A new traffic study of the Cotter Road in North Weston might offer some short-term relief for Molonglo and Weston Creek residents battling peak-hour bottlenecks.
In the long term, planning is also underway on the proposed Molonglo Parkway-Drive Connector, a new arterial road that will run from Denman Prospect and the Molonglo Town Centre at John Gorton Drive through to the Tuggeranong Parkway in the east.
This will eventually ease some of the pressure on the Cotter Road, but it is not expected to be built until the 2030s.
The ACT Government has contracted consultant WSP to provide an options report on possible actions to alleviate the current problems on Cotter Road.
WSP will begin by obtaining an accurate, up-to-date picture of traffic flow numbers and queuing times through intersections, some of which will require manual data collection.
The four-month contract acknowledges that the base traffic model for North Weston and future models are out of date and they will need to be recalibrated before looking at intersection design, traffic signal operation and lane change behaviours.
WSP will need to update the models for AM and PM peaks, shoulder-peak and warm-up periods, as well as examine the phasing of traffic lights every 15 minutes.
According to the contract, it will provide options for the government that could include a fine-tuning of the traffic light sequencing and physical changes to intersections or the roadway.

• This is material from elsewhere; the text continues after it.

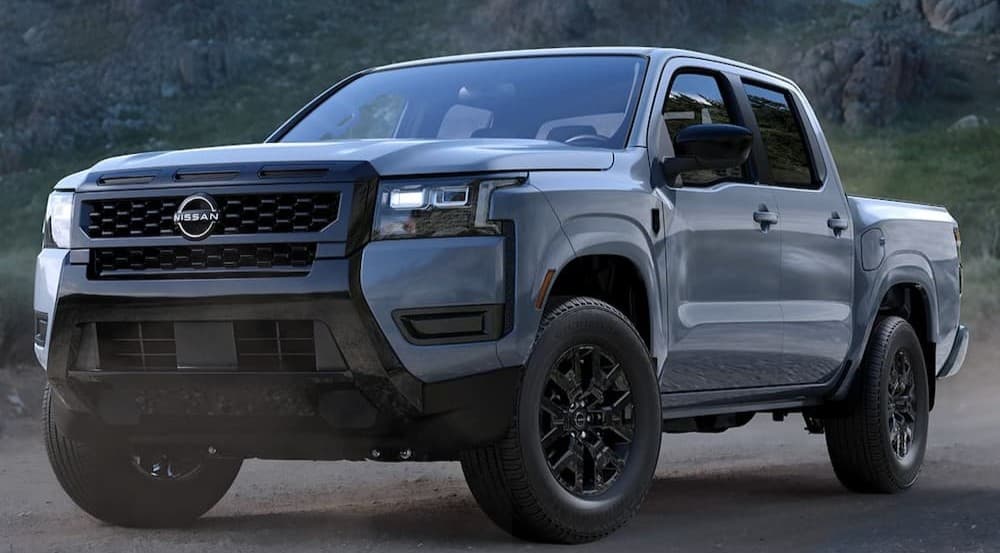 A gray 2026 Nissan Frontier parked off-road.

WSP will need to assess the impacts of any proposed solutions on the landscape, cyclists, pedestrians and buses.
It will need to take into account other Molonglo Valley developments, including those along Cotter Road, such as the LDK retirement village, Amberfield.
WSP will also provide estimates of how much any work to smooth out the traffic flow will cost.
Molonglo Valley Community Forum convenor Ryan Hemsley said that with the start of the new school and parliamentary terms, peak-hour traffic along the Cotter Road, where there are four sets of lights, was again becoming logjammed.
Mr Hemsley said the contract would develop a range of short-term interventions to alleviate some of the problems arising from the development of Molonglo and the delays in completing the Molonglo River bridge.
He said it was not surprising that potentially widening the road was on the table.
“We know that the Cotter road along that corridor is intended to ultimately be three lanes each way, inclusive of a full-length busway connecting the various bus lanes to the intersection of Cotter Road and John Gorton Drive, Cotter and Streeton Drive and Cotter Road up towards North Weston,” he said.
Mr Hemsley said this issue wasn’t going away and the recent closure of Coppins Crossing Road during the bridge construction showed how bad things could get.
“And we’re not expected to see a completion of the Molonglo River bridge project until sometime in late 2026,” he said.
Mr Hemsley said if it were as simple as adjusting traffic light phasing, that could happen within a matter of months, but physical interventions were more of a medium-term proposition.
“What we want to do is make sure that whatever we’re doing is consistent with the long-term growth trajectory of the Molonglo Valley, that it considers traffic safety, traffic flow, and movement of both private and public transport vehicles,” he said.
Mr Hemsley said Molonglo residents would like the proposed connector road completed sooner rather than later, but the design work needed to be done first so that timeframes were realistic.
It will be split into two stages, with the first running from the intersection of Holborough Avenue and John Gorton Drive out to the edge of the Molonglo River.
Stage 2 will involve another bridge across the Molonglo River and an intersection with the Tuggeranong Parkway south of the Arboretum.
“We obviously don’t want to do half a job and leave the other half to a later date, and the traffic issues build up and cause havoc throughout the rest of the Molonglo Valley traffic network,” Mr Hemsley said.
“So that means we do need to look at it as a holistic project.”